Aim of the exercise:
In the data below, the answer is the run of lines from the line containing "A young man" through the line containing "Close Up Young", both included; print it exactly and nothing else.

++++ Information ++++

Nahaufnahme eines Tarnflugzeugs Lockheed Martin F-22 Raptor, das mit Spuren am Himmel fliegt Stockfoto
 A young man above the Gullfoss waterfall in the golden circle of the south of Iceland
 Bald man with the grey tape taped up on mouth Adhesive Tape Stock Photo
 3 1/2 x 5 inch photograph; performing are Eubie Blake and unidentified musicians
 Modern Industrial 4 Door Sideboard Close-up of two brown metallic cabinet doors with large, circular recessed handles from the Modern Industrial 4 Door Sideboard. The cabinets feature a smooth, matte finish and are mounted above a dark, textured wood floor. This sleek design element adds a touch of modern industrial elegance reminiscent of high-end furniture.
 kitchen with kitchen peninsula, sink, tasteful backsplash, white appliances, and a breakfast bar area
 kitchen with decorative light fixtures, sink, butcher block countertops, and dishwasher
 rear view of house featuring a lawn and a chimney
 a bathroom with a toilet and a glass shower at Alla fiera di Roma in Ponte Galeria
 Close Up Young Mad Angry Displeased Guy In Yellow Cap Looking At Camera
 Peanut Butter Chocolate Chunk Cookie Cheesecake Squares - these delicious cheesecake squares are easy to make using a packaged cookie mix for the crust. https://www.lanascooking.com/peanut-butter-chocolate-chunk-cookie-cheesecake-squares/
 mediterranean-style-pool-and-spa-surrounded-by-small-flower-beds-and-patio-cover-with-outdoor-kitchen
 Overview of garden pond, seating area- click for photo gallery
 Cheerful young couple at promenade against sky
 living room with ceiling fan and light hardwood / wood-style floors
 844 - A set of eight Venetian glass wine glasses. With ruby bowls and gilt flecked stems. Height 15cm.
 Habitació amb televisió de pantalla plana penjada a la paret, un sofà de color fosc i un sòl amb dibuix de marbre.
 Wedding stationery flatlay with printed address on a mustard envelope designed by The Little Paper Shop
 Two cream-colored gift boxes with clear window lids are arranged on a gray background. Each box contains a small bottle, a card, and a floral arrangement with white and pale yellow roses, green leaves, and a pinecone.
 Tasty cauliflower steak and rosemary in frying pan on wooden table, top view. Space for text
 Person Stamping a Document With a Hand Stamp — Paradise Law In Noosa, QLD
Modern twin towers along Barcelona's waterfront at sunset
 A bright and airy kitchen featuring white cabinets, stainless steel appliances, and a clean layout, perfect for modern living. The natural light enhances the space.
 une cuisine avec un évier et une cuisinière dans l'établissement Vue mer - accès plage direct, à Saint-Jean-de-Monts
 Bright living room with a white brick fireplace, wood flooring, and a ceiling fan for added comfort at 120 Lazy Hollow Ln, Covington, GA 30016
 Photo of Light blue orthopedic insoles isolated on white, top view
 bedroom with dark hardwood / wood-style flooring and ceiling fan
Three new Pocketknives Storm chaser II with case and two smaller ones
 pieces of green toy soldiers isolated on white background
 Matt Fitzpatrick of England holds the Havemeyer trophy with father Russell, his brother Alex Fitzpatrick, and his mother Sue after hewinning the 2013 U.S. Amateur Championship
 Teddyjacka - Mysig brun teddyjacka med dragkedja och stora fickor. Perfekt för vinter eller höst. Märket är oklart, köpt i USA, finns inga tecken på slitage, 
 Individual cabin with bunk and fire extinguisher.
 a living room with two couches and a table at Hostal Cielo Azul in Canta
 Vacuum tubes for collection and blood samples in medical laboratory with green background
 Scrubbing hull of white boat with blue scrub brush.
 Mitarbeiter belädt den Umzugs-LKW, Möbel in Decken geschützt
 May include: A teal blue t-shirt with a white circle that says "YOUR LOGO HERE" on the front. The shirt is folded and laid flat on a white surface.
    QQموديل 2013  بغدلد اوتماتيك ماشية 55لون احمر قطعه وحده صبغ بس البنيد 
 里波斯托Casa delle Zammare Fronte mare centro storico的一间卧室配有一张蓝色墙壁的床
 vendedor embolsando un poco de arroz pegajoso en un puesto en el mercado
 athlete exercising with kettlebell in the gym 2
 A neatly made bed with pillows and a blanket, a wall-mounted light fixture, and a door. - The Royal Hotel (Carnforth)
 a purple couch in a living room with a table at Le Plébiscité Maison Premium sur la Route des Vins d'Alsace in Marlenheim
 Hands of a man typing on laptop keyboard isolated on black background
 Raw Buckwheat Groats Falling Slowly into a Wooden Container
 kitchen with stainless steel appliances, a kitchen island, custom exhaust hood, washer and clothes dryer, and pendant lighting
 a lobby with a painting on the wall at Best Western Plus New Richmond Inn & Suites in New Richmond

++++

Reply:
 A young man above the Gullfoss waterfall in the golden circle of the south of Iceland
 Bald man with the grey tape taped up on mouth Adhesive Tape Stock Photo
 3 1/2 x 5 inch photograph; performing are Eubie Blake and unidentified musicians
 Modern Industrial 4 Door Sideboard Close-up of two brown metallic cabinet doors with large, circular recessed handles from the Modern Industrial 4 Door Sideboard. The cabinets feature a smooth, matte finish and are mounted above a dark, textured wood floor. This sleek design element adds a touch of modern industrial elegance reminiscent of high-end furniture.
 kitchen with kitchen peninsula, sink, tasteful backsplash, white appliances, and a breakfast bar area
 kitchen with decorative light fixtures, sink, butcher block countertops, and dishwasher
 rear view of house featuring a lawn and a chimney
 a bathroom with a toilet and a glass shower at Alla fiera di Roma in Ponte Galeria
 Close Up Young Mad Angry Displeased Guy In Yellow Cap Looking At Camera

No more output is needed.